## Work request:
Omit the pictures, but give back every entry below exactly as written.

## Record excerpts:
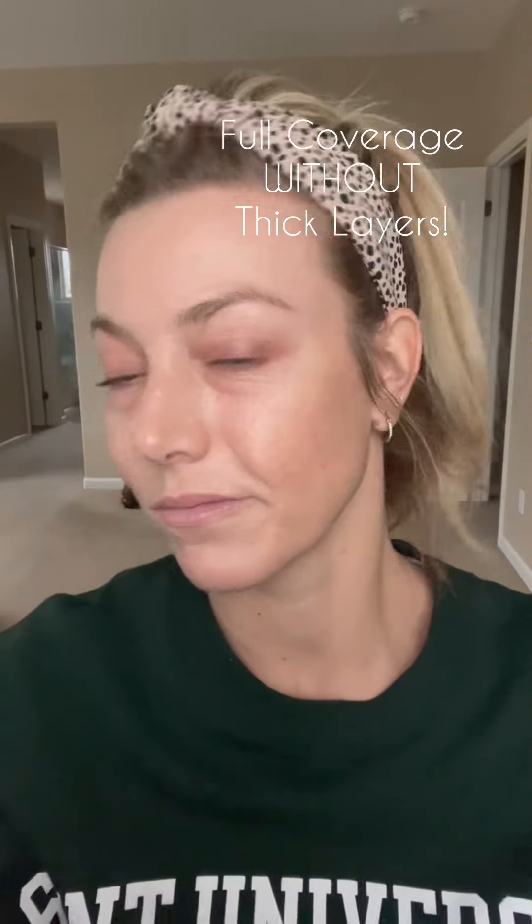Hello, I'm Brittany Parker, Saint Artist, and today I'm going to show you how to get full coverage without these thick layers and layers upon layers. So today I'm using my Saint 3D Cream Foundation. There it is. I'm going to start with my contour and this is the detail brush.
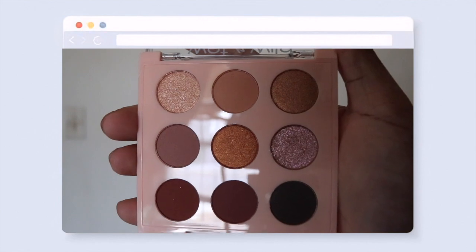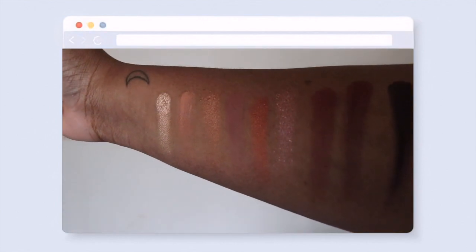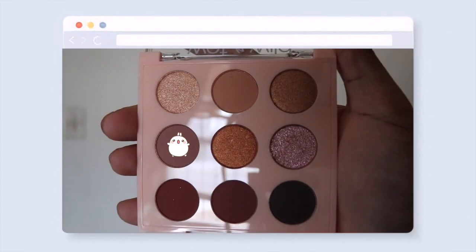Alright, let's get started. So this is the Wet N Wild 'In Love with the Cocoa' palette. The collection is limited edition, but I'm not so sure about that. It comes with nine shadows — four of them are shimmer, the rest are mattes. You can pick it up at wetnwild.com or from Target, and it's $6.99.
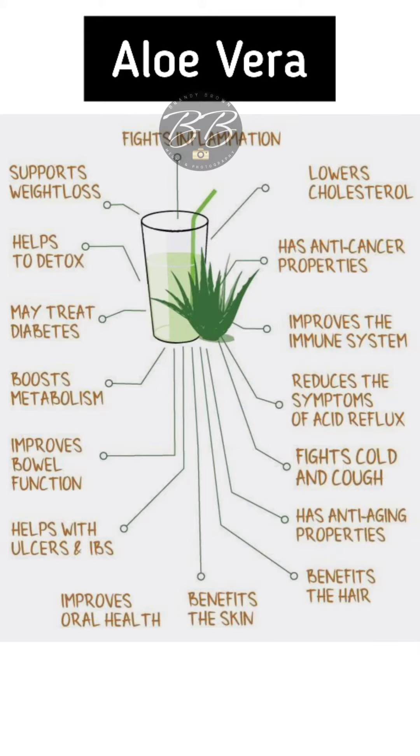Aloe vera supports weight loss, helps to detox, may treat diabetes, boosts metabolism, improves bowel function, helps with ulcers and IBS, improves oral function, and benefits the skin.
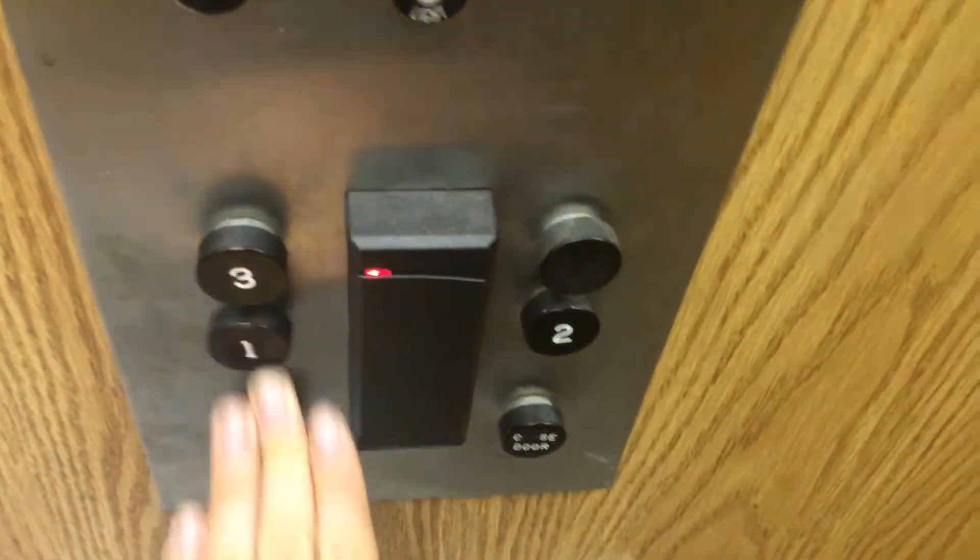This is an Otis elevator. First floor. And first floor.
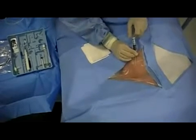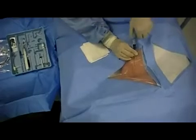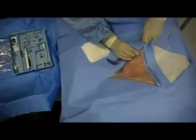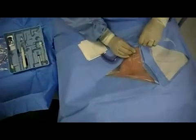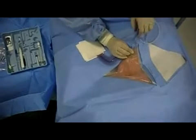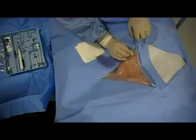The needle is inserted until a flash of blood is obtained. Two common sites for temporary transvenous pacemaker insertion are the right internal jugular and the left subclavian veins. However, there is controversy about the left subclavian, as this site should typically be preserved for permanent pacemaker placement.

## Solution for this exercise:
Hello, I'm Brittany Parker, Saint Artist, and today I'm going to show you how to get full coverage without these thick layers and layers upon layers. So today I'm using my Saint 3D Cream Foundation. There it is. I'm going to start with my contour and this is the detail brush.
Alright, let's get started. So this is the Wet N Wild 'In Love with the Cocoa' palette. The collection is limited edition, but I'm not so sure about that. It comes with nine shadows — four of them are shimmer, the rest are mattes. You can pick it up at wetnwild.com or from Target, and it's $6.99.
Aloe vera supports weight loss, helps to detox, may treat diabetes, boosts metabolism, improves bowel function, helps with ulcers and IBS, improves oral function, and benefits the skin.
This is an Otis elevator. First floor. And first floor.
The needle is inserted until a flash of blood is obtained. Two common sites for temporary transvenous pacemaker insertion are the right internal jugular and the left subclavian veins. However, there is controversy about the left subclavian, as this site should typically be preserved for permanent pacemaker placement.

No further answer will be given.